All lent all the time

Day 4

Each of these projects have come with their own unique breakthrough. Each project has opened my eyes to some new potential for devotional artwork. I created Stations of the Cross for Syria during Lent then started posting artwork on Facebook as I finished it. I uploaded the artworks to Flickr with a creative commons license and encouraged people to download the project and use it in their personal devotions or in their churches.

I was shocked by the reception the series received - a couple dozen churches in the U.S. and U.K. displayed the artwork during Holy Week that year. It was exhilarating to think that I had created artwork that helped people pray for our siblings in Syria, all at once, together and during the  highest holy days of our faith. The idea of creating artwork that organized multiple congregations, all around the world, in prayer was very intriguing to me. And has inspired me to return to the Stations of the Cross again and again.

By the time I finished Stations of the Cross for Syria, I was starting to think about what the next year’s series would address. It was at this point that the Stations of the Cross became a year-round obsession rather than something that I just did during Lent.

Jesus Meets His Mother: May 6, 2011 

On May 6, after noon prayers, demonstrations took place across Syria to protest the Assad regime, especially in the suburbs of Damascus and the cities of Homs, Hama, Baniyas, and in Syrian Kurdistan. Within hours of the protest, video and audio of Syrian security forces responding with lethal force appeared on social networking sites. About 7,000 protestors wearing funeral shrouds and carrying olive branches and flowers gathered in Baniyas and met the army peacefully. Thousands of Syrians attempted to march to Deraa, but security forces maintained the siege of city and would not allow them to enter with supplies for the residents.

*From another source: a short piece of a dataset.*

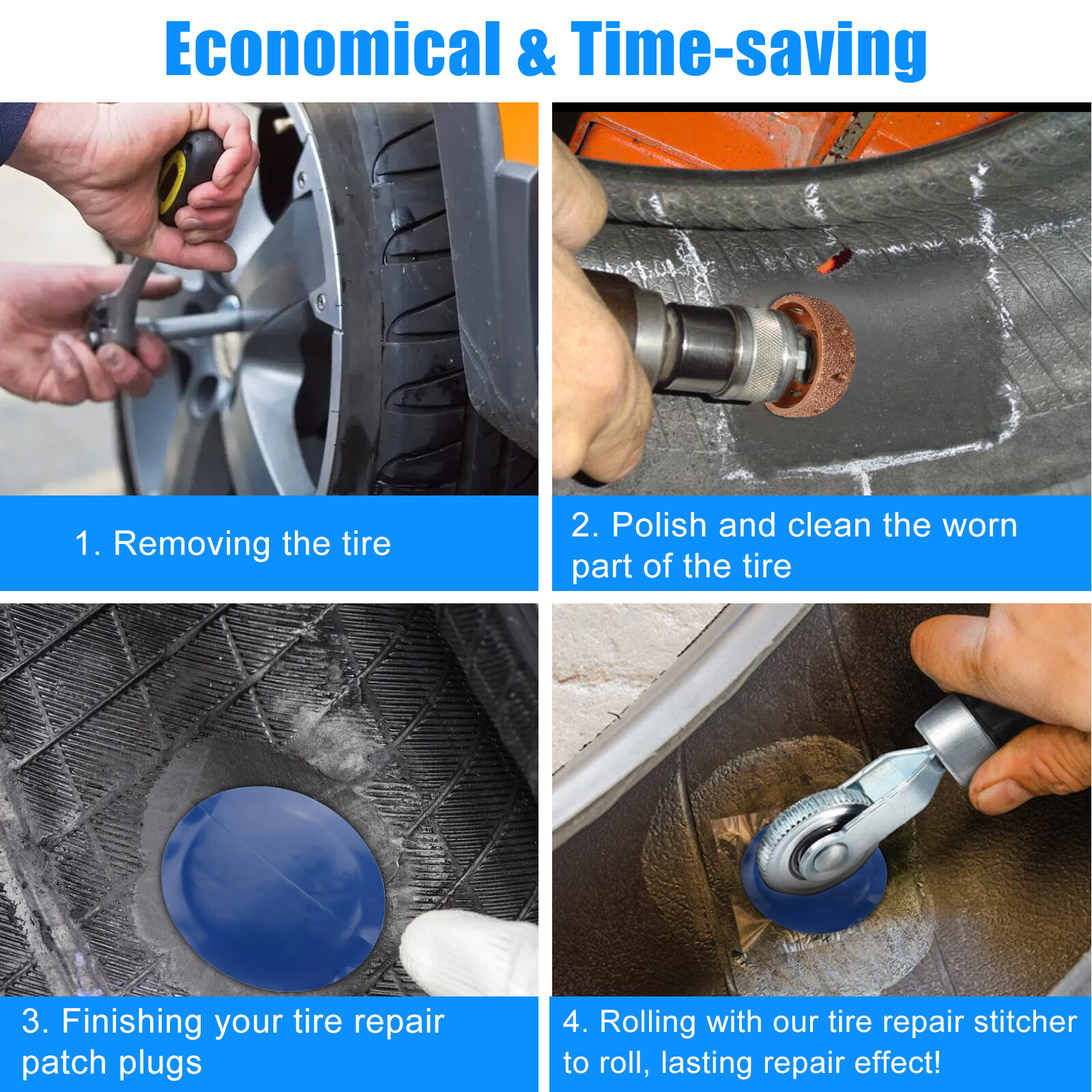 62Pcs Tire Repair Patches Kit Flat Punctures for Car Truck Motorcycle Plug Patch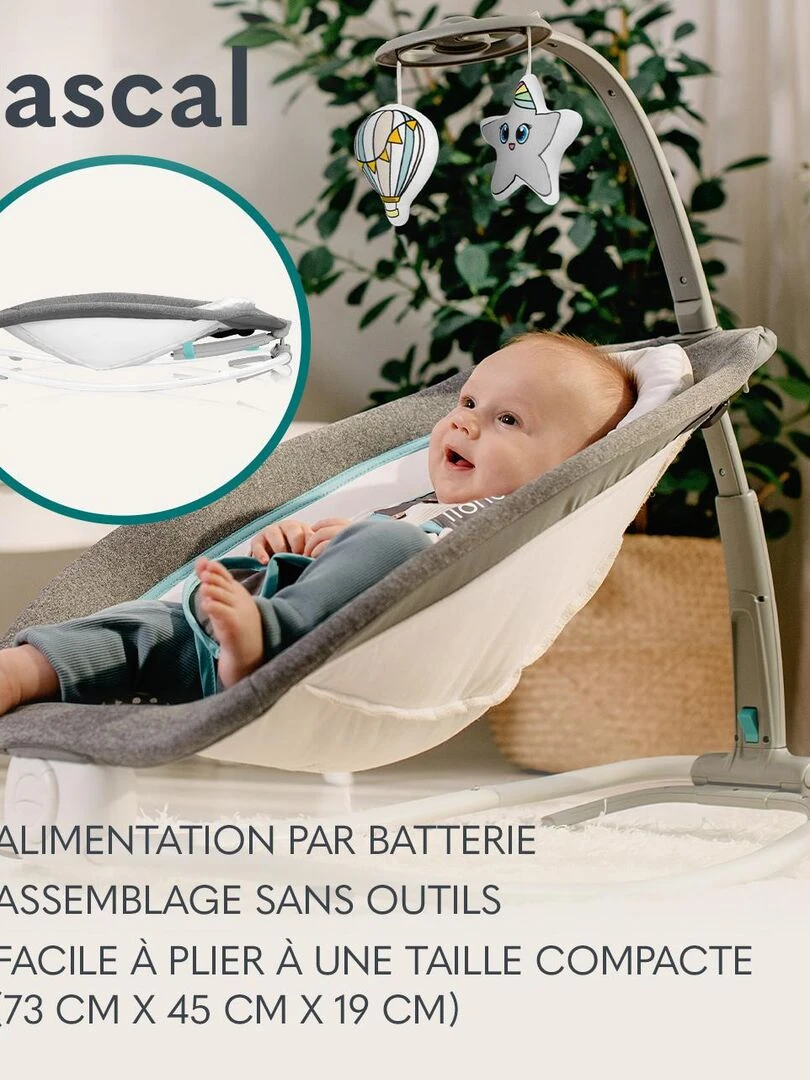 LIONELO Pascal   Balancelle Transat Bébé Électrique   12 mélodies   Jouets suspendus   Gris Blanc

One thing that working on these projects over years and years has taught me is just how interconnected we all are. Which means that our suffering and our healing are interconnected. Stations of the Cross for Syria opened up my thinking about the devotional aspects of future projects. And the people of Syria have remained in my heart and in my prayers. 

Four years after I completed Stations of the Cross for Syria, I created two icons during the Battle of Aleppo. The piece on the right is titled Flight Out of Aleppo and was based on a photograph of a family fleeing the city.  The piece on the left is titled The Massacre of the Innocents of Aleppo and was completed on the Feast of the Massacre of the Innocents in December 2016 during an intense bombing campaign that saw the end of the Battle of Aleppo. This was a decisive turning point in the conflict.

As I mentioned at the end of yesterday’s post, there are stations in my 2020 series Stations of the Cross: Refugee Journeys that address the plight of Syrian civil war refugees.

The Sixth Station: Veronica Wipes the Face of Jesus

Almost 6 million Syrians have been forced to flee their country since 2011. Almost 7 millions Syrians have been forced to leave their homes, but remain displaced within their own country. The majority of Syrian refugees have fled to neighboring countries like Turkey and Lebanon. More than half of these refugees are under the age of 18. Source: The UN Refugee Agency.

At some point, I made an unconscious decision to live with the Stations of the Cross, to make it the center of my artistic practice, and that has meant that the themes of these series have impacted other projects as well - like, for example, my series of contemporary icons which saw me responding to the Battle of Aleppo. As I continue to share artwork here over this Lenten season, you’ll see how interconnected much of my work has become the longer that I’ve been making Stations of the Cross artworks.